Jermall Charlo gets it done quickly in his Greatest Hits

Other fighters have a nasty tendency to not stay around long when Jermall Charlo is in the ring. Of his last 15 fights, eight were over by the fifth round. Only one went the distance. It may be a sign for Cornelius Bundrage on Saturday, when the champion defends his world title against Charlo at Foxwoods Resort in Mashantucket, Connecticut (NBC, 4 p.m. ET/1 p.m. PT), to try to take the Texas native into the deepest of waters. Strap in and hang on, if you can.

Because if you want to see what Jermall Charlo is capable of when things go his way, take a look at his Greatest Hits. All 10 rounds of them.

3 vs Lenny Bottai, December 13, 2014, at the MGM Grand Garden Arena in Las Vegas

The fight against Bundrage could have come sooner. When Charlo took on Lenny Bottai late in 2014, it was a brawl to determine who would become Bundrage’s mandatory challenger.

Bottai, though, was something of an enigma, having fought his entire career in Italy—and even there, almost exclusively in Tuscany.

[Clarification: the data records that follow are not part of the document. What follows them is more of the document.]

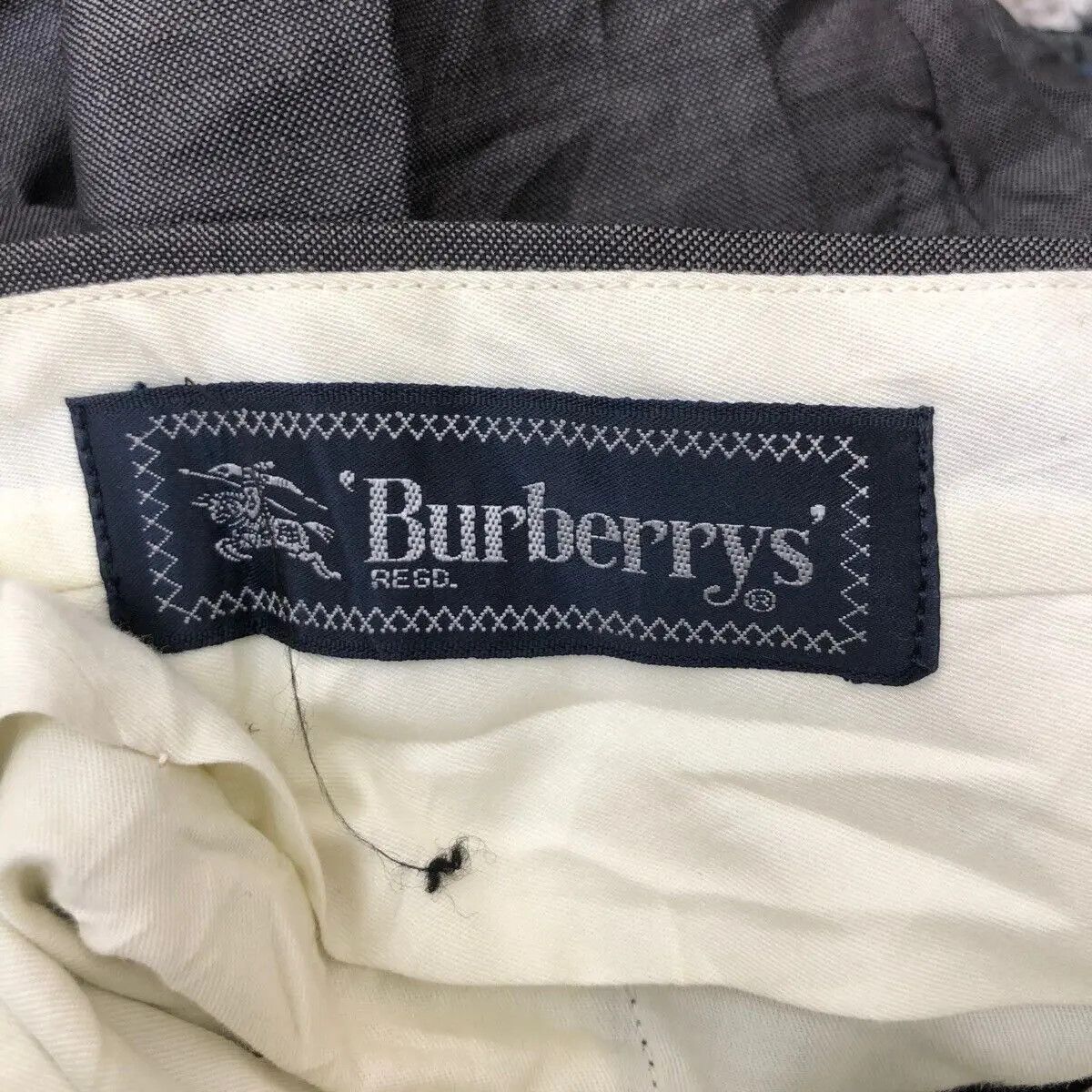 Burberry Vintage 90’ BURBERRY LONDON PRORSUM Straight Cut Casual Pant Size US 28 / EU 44 - 4 Thumbnail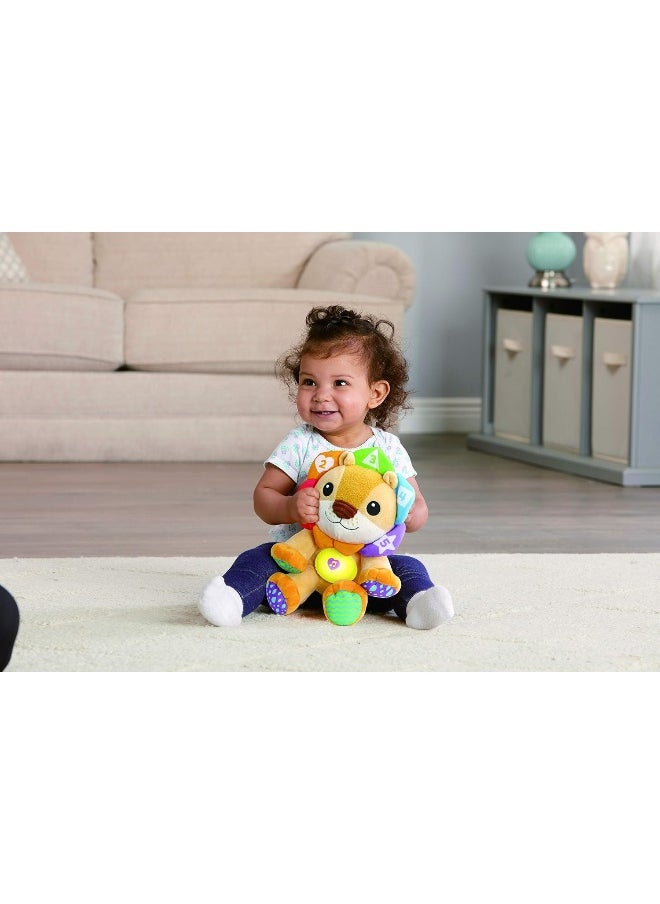 LeapFrog Lullaby Lights Lion, Baby Night Light Projector, Baby Born Plush Toy, Soft Cuddly Toy With Lights And Music, Soothing Baby Musical Toy For Boys And Girls Aged 6 Months+, English Version  - Image 4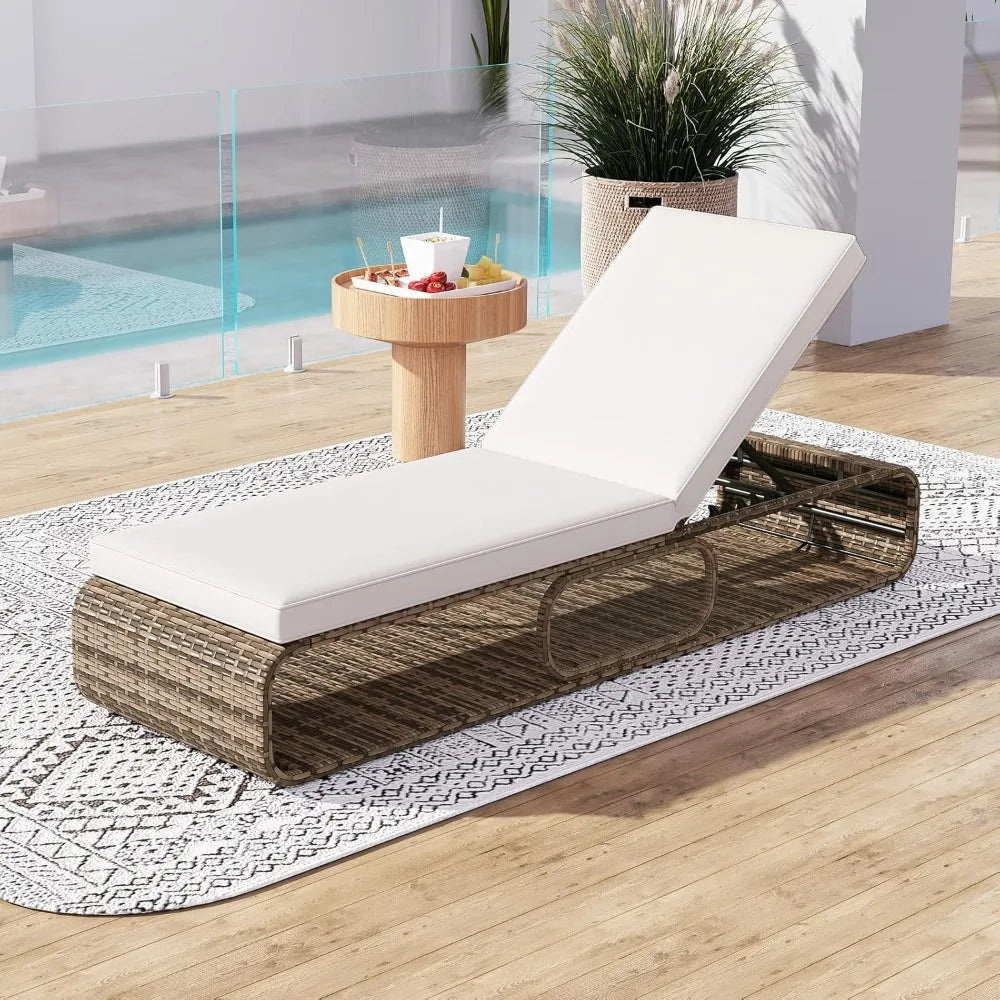 Moccha Outdoor Chaise Lounge Chair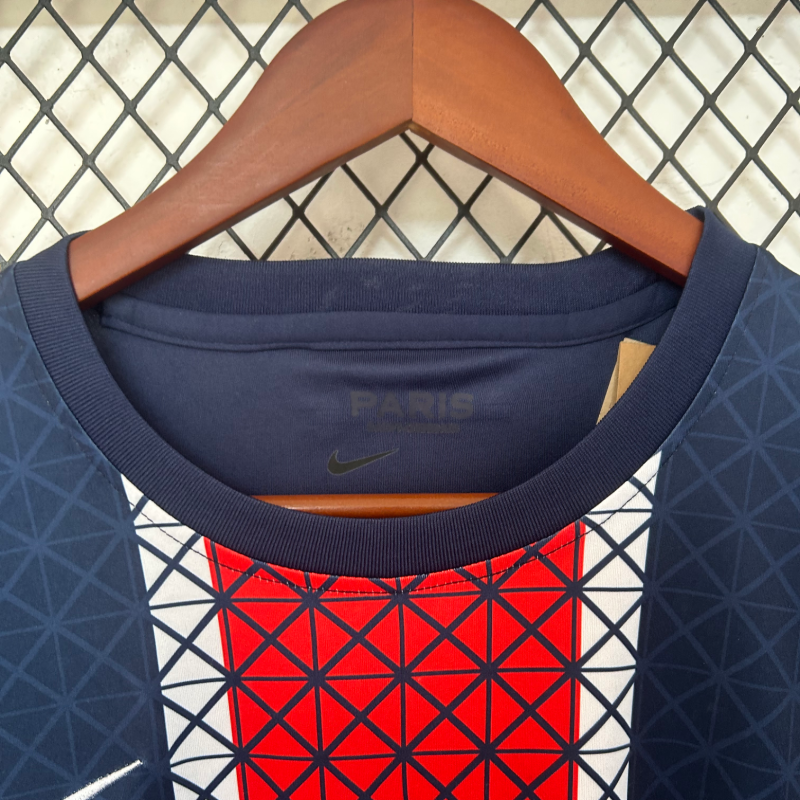 2025/2026 Paris Home Fan Edition Football Shirt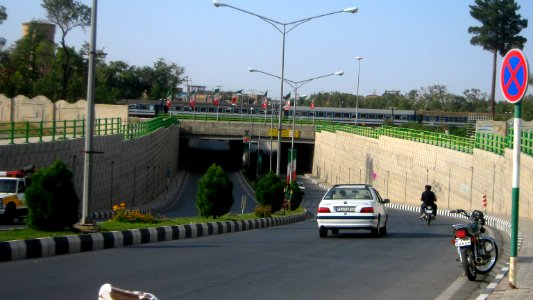 Interchange of Railway - Nishapur 02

“It’s hard to study a guy who’s oversees,” Charlo said. “I watched a little bit of what I could. Dude was being real physical with me.”

Good luck with that.

Charlo positively flattened Bottai with a left hook that left the Italian flopping around on the ground like a sailor who burned through back pay during Fleet Week. Bottai was only standing at nine because the ropes refused to let gravity do its job, but referee Jay Nady had seen enough and waved it off for a third-round knockout.

2 vs Antwone Smith, August 9, 2013, at Fantasy Springs Casino in Indio, California

Antwone Smith came into this fight with two clear advantages: experience and weight. Smith had three years and 14 fights on the more inexperienced Charlo. He also weighed in for their 154-pound tilt at 159.75, then swelled to 164 by the time of the fight.

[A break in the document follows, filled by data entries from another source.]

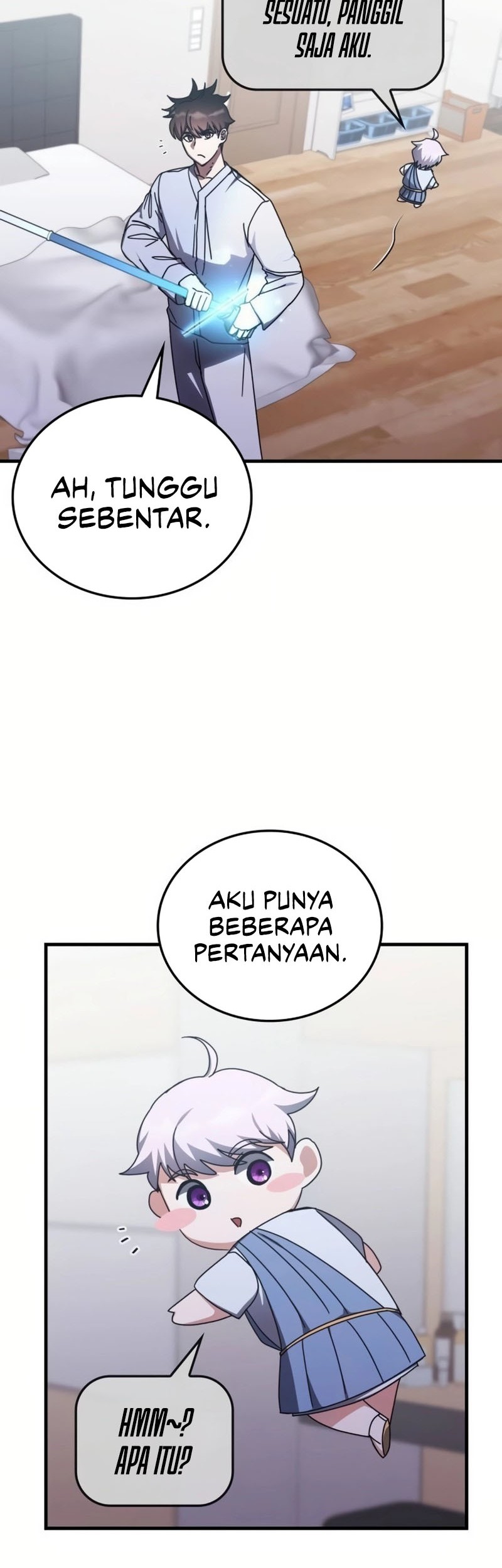 Transcension Academy Chapter 129 Gambar 7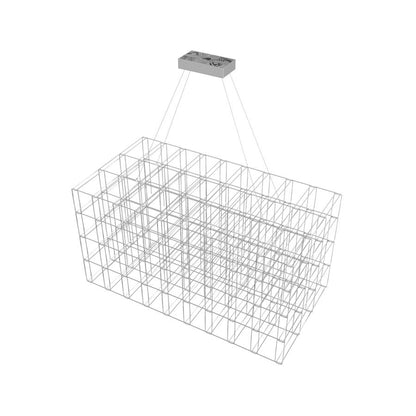 Avenue Lighting Argyle Ave. 34" Wide LED Abstract Chandelier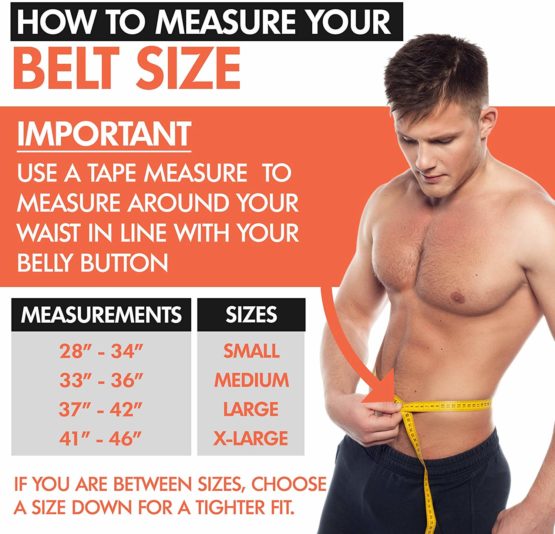 Elite Body Squad Weight Lifting Belt Pro Quality Neoprene Back Support Belt With Speed Grip Strip Closure And Stainless Steel Hook And Loop Design - 6” Wide Soft Feel Padding Guarantee + FREE EBOOK - Image 2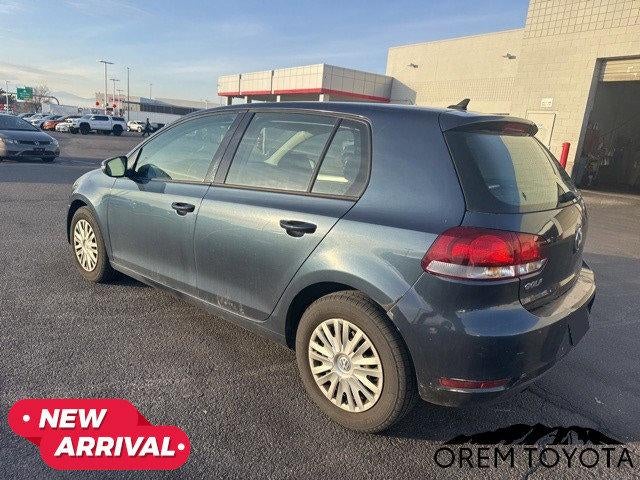 2013 Volkswagen Golf w/Conv & Sunroof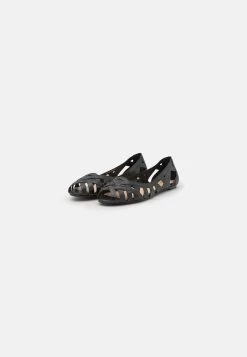 Anna Field Leather - Peeptoe Ballet Pumps - Black -Anna Field f4c39ad53f7f44e3a117eed7682898b5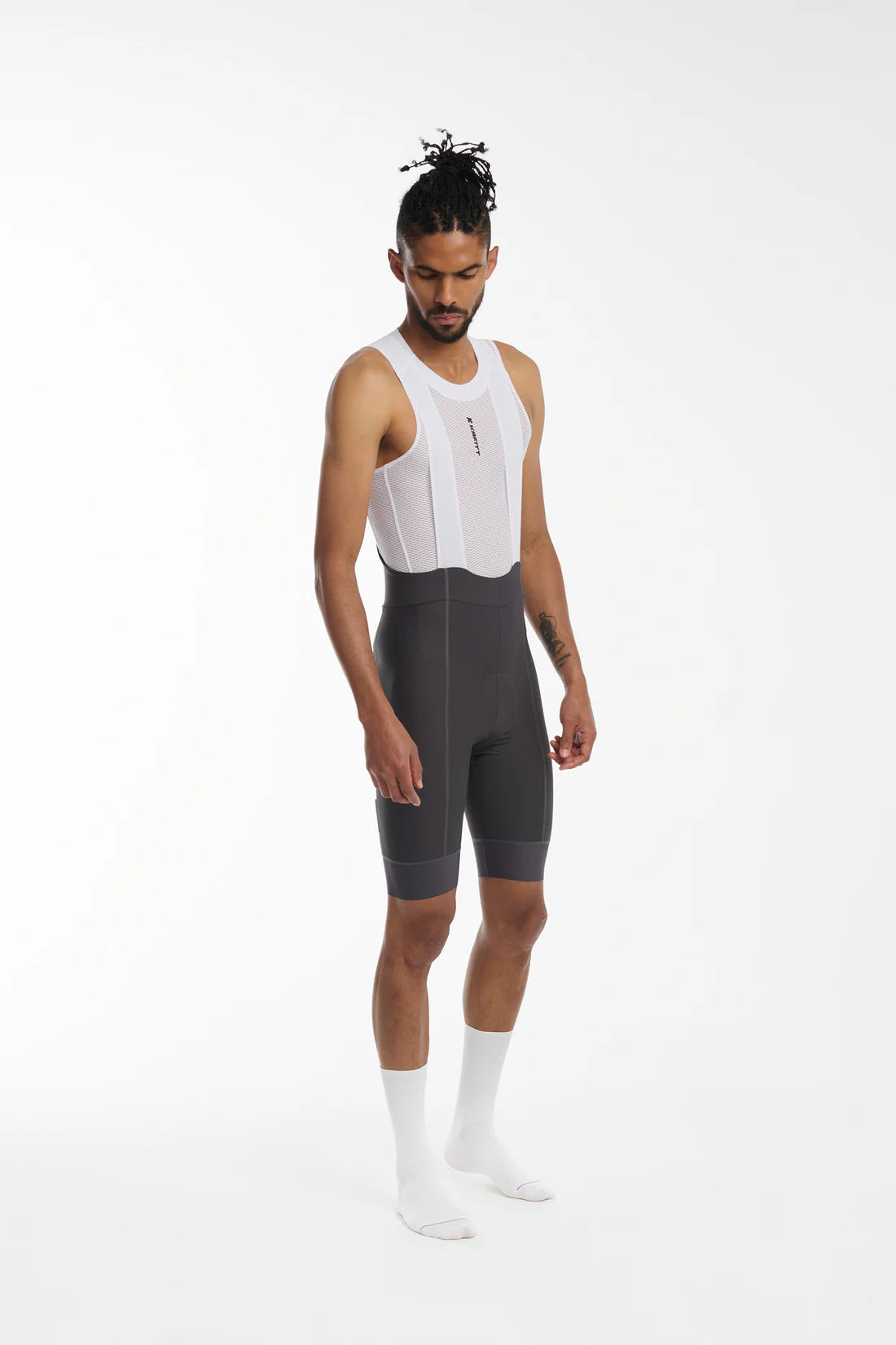 Pro Tour 2 Bib Gray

What he didn’t have an advantage in? Power and accuracy.

“That was another fight I trained real hard for,” Charlo said. “I was doubted again. I knew he had been in there with a lot of former champions.”

Champion experience or not, through the first round, Charlo clearly imposed his will, firing off strong jabs and big hooks while Smith only offered a shoulder roll to cover his retreat and the occasional counter.

It caught up to him quickly. Two minutes into the second round, as Smith was turning and retreating behind that shoulder roll, Charlo came over the top and planted a right squarely in Smith’s left ear.

Smith hauled himself up by the middle rope and Bambi-wobbled toward referee Tom Taylor, but Charlo had silenced any doubters with his second-round KO.

1 vs Orlando Lora, April 20, 2013, at the Alamodome in San Antonio

There’s something to be said for atmosphere. On a night with a positively stacked card—Omar Figueroa Jr., Julian Williams, Miguel Flores and Terrell Gausha were all in action supporting the main event of Austin Trout vs Saul “Canelo” Alvarez—Charlo was in the middle of the party in his tilt against Orlando Lora.

It was a raucous Alamodome crowd, with plenty of people filling out a stadium built for basketball, hockey and football. Call it a slightly different vibe than his previous fight, at Our Lady of the Lake University Gym, also in San Antonio.

“There were 40,000 people in the stands,” Charlo said. “I had to control myself.”

“Control,” of course, is subjective. Charlo administered a beating severe enough that Lora quit on the stool after the fifth round. Which makes it a positive marathon, by Charlo standards.